タール寺入り口にたどりつき入場料80元を払って中に入る。内部は一大観光地化されていて、チベット人の物売りがやたら多い。
ここタール寺は14世紀から600年にわたって建造された6大ゲルク派寺院のひとつだそうだ。今どきの服装の若者が地面に額を付ける本格的なやり方で、入場口近くのチョルテン(仏塔)で祈りを捧げている。一方でスマホでそこらじゅうの写真を撮りまくってもいて、伝統と現代の同居が興味深く感じられる。
これから冬のかけての時期はチベットでは巡礼の季節であり、ここタール寺にも多くの巡礼者が遠方から訪れているようだ。五体投地というチベット独特のやり方で祈りをささげている人も少なくない。若い僧はもとより、ブーツにダウンジャケットの若者も手とひざにサポーターを付けて五体投地を繰り返している。全体的にはチベット独特の服装で来ている比較的高齢の女性が多いようだ。
中には本物の民族衣装に、これも民族独特のドレッドヘア、身体中ほこりだらけの男もいた。あの汚れ方から見て、彼は相当に長い距離を五体投地で来ているのかもしれない。彼が五体投地しているときは他のチベット人巡礼者も彼の進路を妨げないよう足を止めていた。みな彼には一目置いているようだった。チベットでは冬の半年をかけて1000㎞以上の距離を五体投地で進む人もいるので彼もその一人なのだろうかと思ったりした。
ところがチョルテンまで達したところで彼は五体投地を終え、駐車場に停めてある高級そうな車の所へ行って着替えを始めている。着替え終わると他の仲間とともに車で行ってしまった。車を使って効率的に多くの場所をまわって巡礼をしている、といったところだろうか。
タール寺は広大な敷地の中に多くの寺院や建造物が立っている。この広い敷地内を五体投地でコルラ(時計回りに回る巡礼方法)している人も少なからず見かけた。意外に女性が多かった。一方でチベット僧たちはスマホをいじりながらぶらぶら歩き、あるいは車に乗って彼らを一気に追い抜いていく。
あちこちにマニ車が置かれていて、みなこれを回していく。中に経文が入っており1回マニ車を回すと1回お経を読んだのと同じ功徳が得られるという便利なものである。ラマ僧がマニ車を回すのをあまり見たことがないが、彼らは実際に経を読むので回す必要がないということだろう。マニ車はあくまで一般大衆のためのものということか。

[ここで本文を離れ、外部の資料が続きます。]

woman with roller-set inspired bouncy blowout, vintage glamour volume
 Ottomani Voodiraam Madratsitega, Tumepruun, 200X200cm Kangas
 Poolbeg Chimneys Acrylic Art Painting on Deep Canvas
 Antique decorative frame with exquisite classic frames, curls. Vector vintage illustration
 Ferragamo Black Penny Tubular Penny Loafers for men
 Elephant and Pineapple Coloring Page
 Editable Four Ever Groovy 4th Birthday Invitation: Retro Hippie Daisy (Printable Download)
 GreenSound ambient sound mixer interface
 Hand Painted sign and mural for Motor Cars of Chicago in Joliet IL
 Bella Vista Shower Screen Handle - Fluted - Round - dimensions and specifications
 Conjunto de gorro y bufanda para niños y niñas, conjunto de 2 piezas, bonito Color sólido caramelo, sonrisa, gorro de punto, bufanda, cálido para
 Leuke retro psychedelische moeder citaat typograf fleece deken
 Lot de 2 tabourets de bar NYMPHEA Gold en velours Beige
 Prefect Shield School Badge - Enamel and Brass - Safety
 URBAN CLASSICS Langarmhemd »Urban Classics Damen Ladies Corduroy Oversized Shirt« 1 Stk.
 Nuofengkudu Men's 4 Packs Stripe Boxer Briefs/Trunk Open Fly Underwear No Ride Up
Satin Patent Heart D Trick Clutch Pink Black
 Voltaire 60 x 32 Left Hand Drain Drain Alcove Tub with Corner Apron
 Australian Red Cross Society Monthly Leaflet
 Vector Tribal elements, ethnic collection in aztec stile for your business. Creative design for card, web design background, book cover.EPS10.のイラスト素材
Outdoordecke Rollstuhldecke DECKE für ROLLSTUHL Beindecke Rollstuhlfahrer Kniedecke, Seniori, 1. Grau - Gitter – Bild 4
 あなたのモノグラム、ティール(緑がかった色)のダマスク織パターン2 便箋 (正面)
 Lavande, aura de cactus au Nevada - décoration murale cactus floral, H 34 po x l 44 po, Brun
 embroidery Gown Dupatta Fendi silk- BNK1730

ここでもメインのエリアから外れたところに入り込んでしまったようで、僧房など日々の生活をするいわば寺の中にある町を歩いている。家らしい建物も多く、どうも僧ではない人が住んでいるようである。これだけ大規模な寺になると僧侶以外の人も多いのだろう。
1匹の犬が寄ってきて自分の周りから離れようとしない。そのうち数十m先まで走って行っては振り返ってこちらをじっと見るという行動を繰り返すようになった。どこかへ案内しようとでもしてくれているのか、ついて行ってみることにした。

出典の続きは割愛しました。